** RECORDS FOR THIS TASK follows **

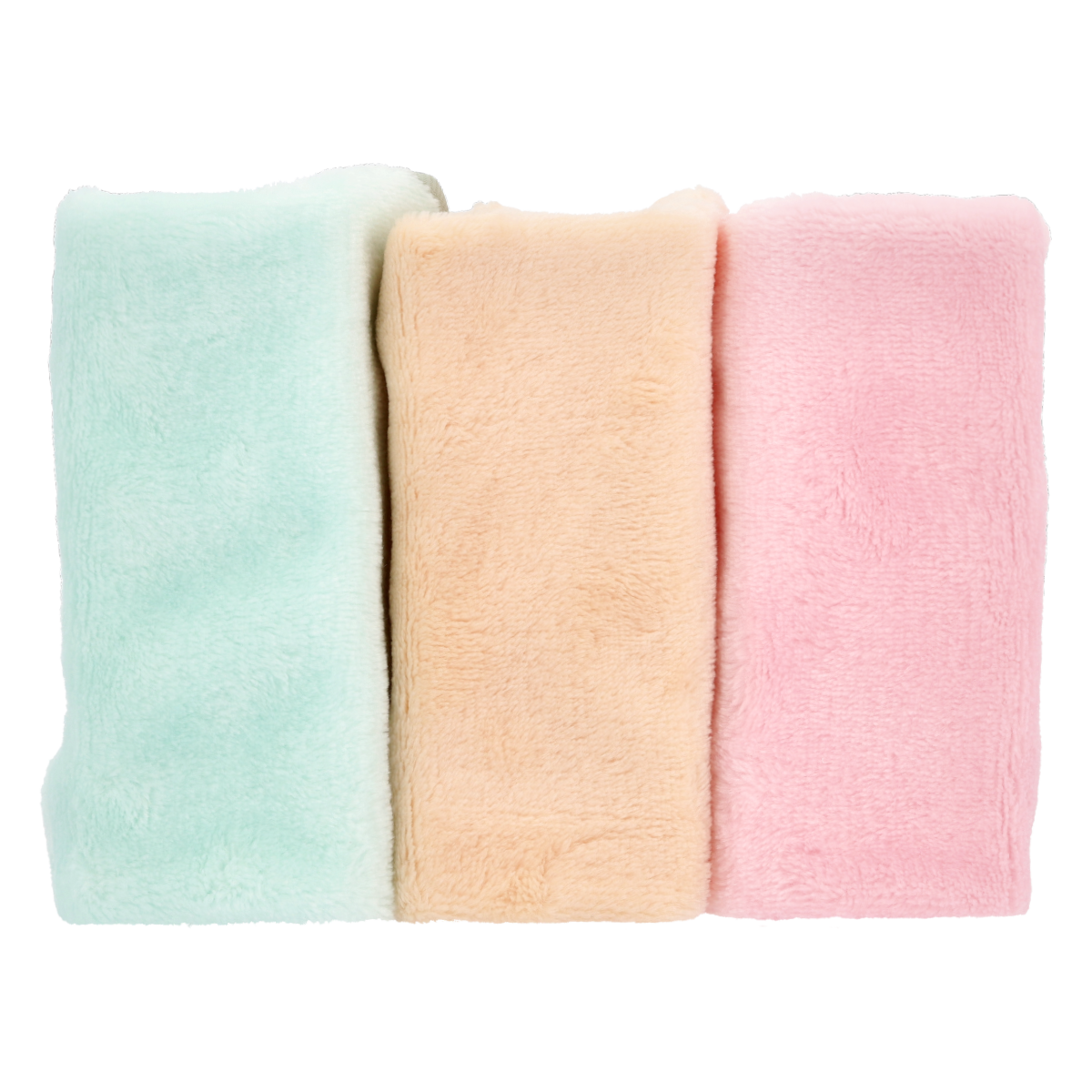 Makeup Cleansing Facial Towels 2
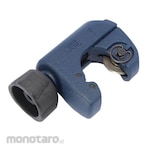 TOHO (TOOLS) Mini Tube Cutter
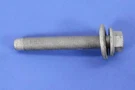 Genuine Mopar Hex Flange Head Bolt And Washer 6510893AA. Fixed Price $9.19.
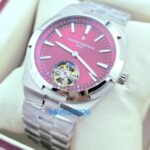 First Copy Vacheron Constantin Watches In Mumbai
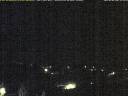 Vorschaubild von 04.05.2025 22:24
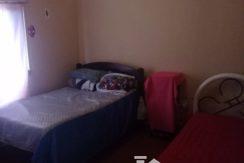 2d5a8dfe-1c6b-47b8-a40d-1c3b46b7aa71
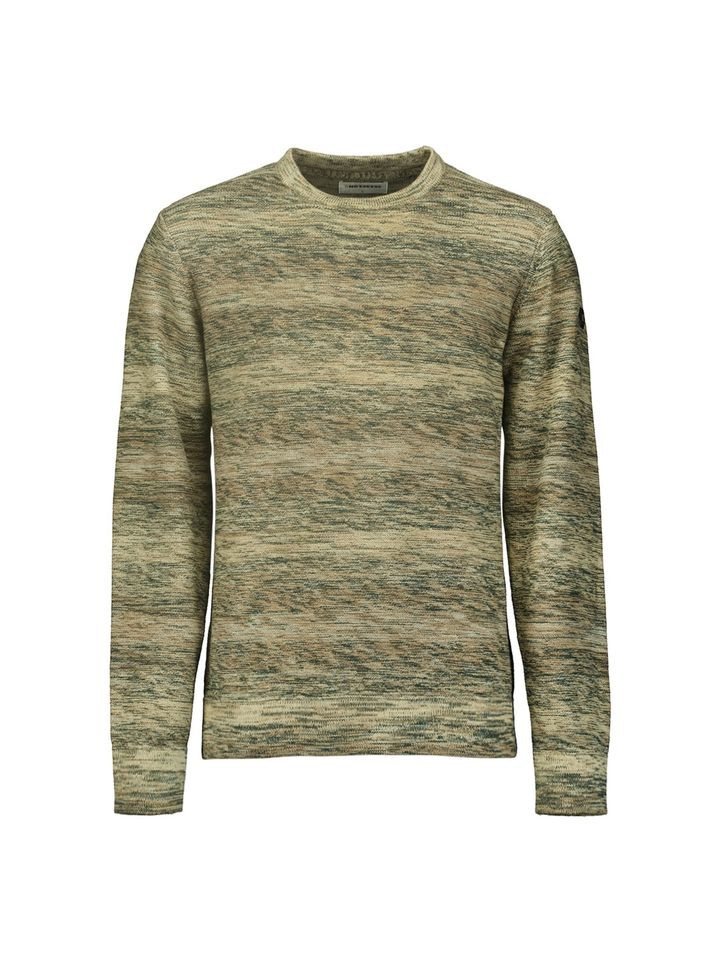 NO EXCESS Strickpullover von NO EXCESS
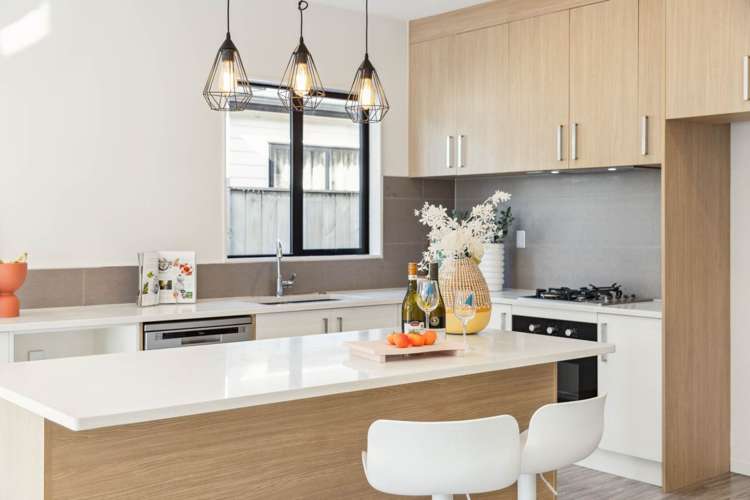 6 Silver Beech Street Takanini_20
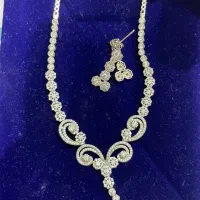 فروش طلا نو تمیز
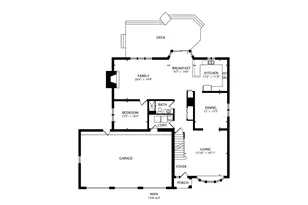 443 N Tara Ln, Addison, IL 60101 - Photo 41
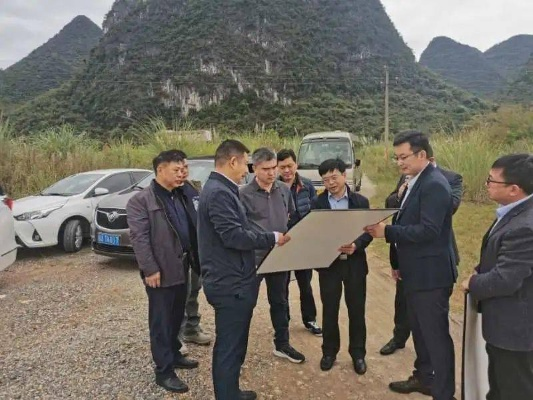 温永河 桂林相关长尾关键词有哪些 温永河 桂林相关长尾关键词有哪些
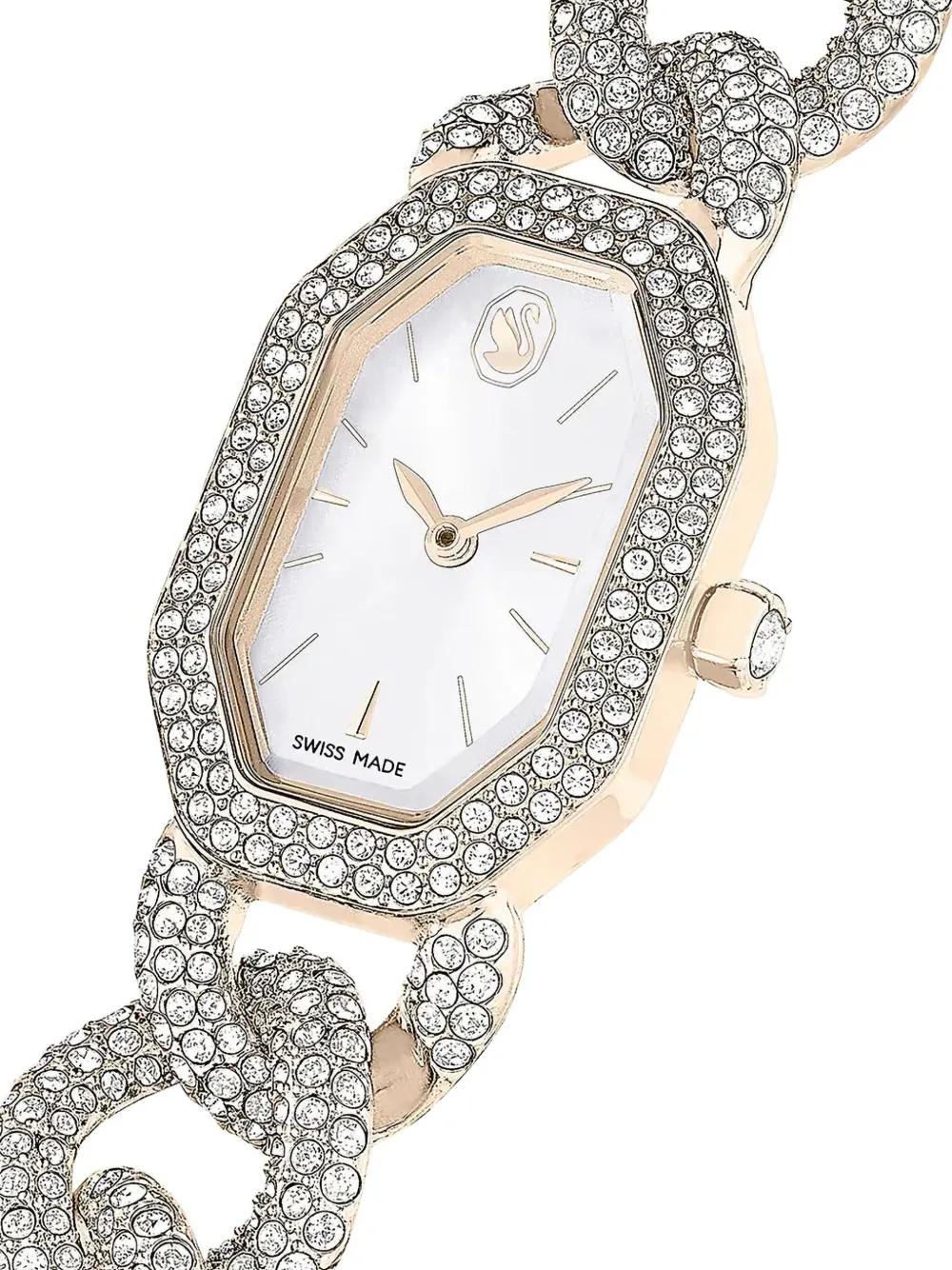 Swarovski Dextera Chain 20mm | Image 2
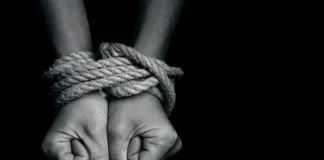 Pacific Islands Forum warns UN human trafficking is a growing threat in the Pacific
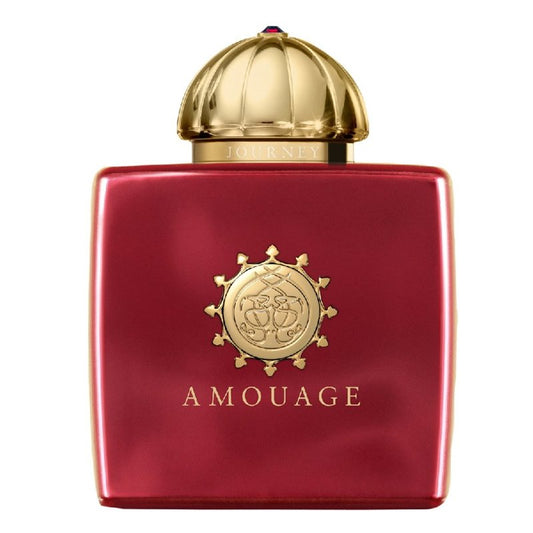 Amouage - Journey Woman.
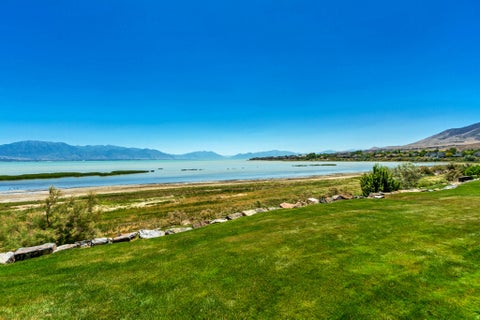 Tiny photo for 1064 S WATERSIDE DR, Saratoga Springs, UT 84045 (MLS # 2166528)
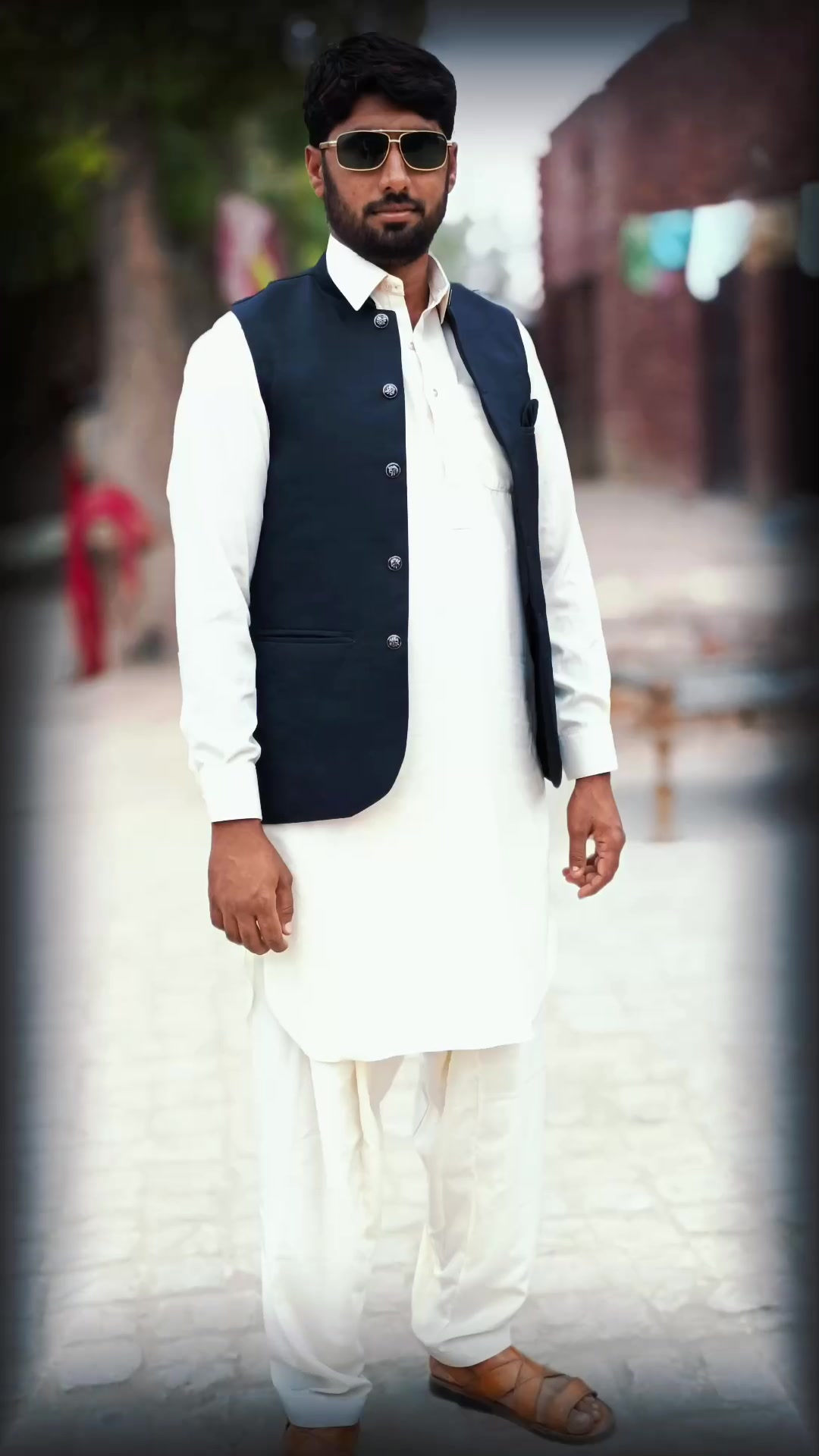 @fakhar 9696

** End of RECORDS FOR THIS TASK **

In your copy of the records above, include no pictures and match every line exactly.

 Makeup Cleansing Facial Towels 2
 TOHO (TOOLS) Mini Tube Cutter
 Genuine Mopar Hex Flange Head Bolt And Washer 6510893AA. Fixed Price $9.19.
 First Copy Vacheron Constantin Watches In Mumbai
 Vorschaubild von 04.05.2025 22:24
 2d5a8dfe-1c6b-47b8-a40d-1c3b46b7aa71
 NO EXCESS Strickpullover von NO EXCESS
 6 Silver Beech Street Takanini_20
 فروش طلا نو تمیز
 443 N Tara Ln, Addison, IL 60101 - Photo 41
 温永河 桂林相关长尾关键词有哪些 温永河 桂林相关长尾关键词有哪些
 Swarovski Dextera Chain 20mm | Image 2
 Pacific Islands Forum warns UN human trafficking is a growing threat in the Pacific
 Amouage - Journey Woman.
 Tiny photo for 1064 S WATERSIDE DR, Saratoga Springs, UT 84045 (MLS # 2166528)
 @fakhar 9696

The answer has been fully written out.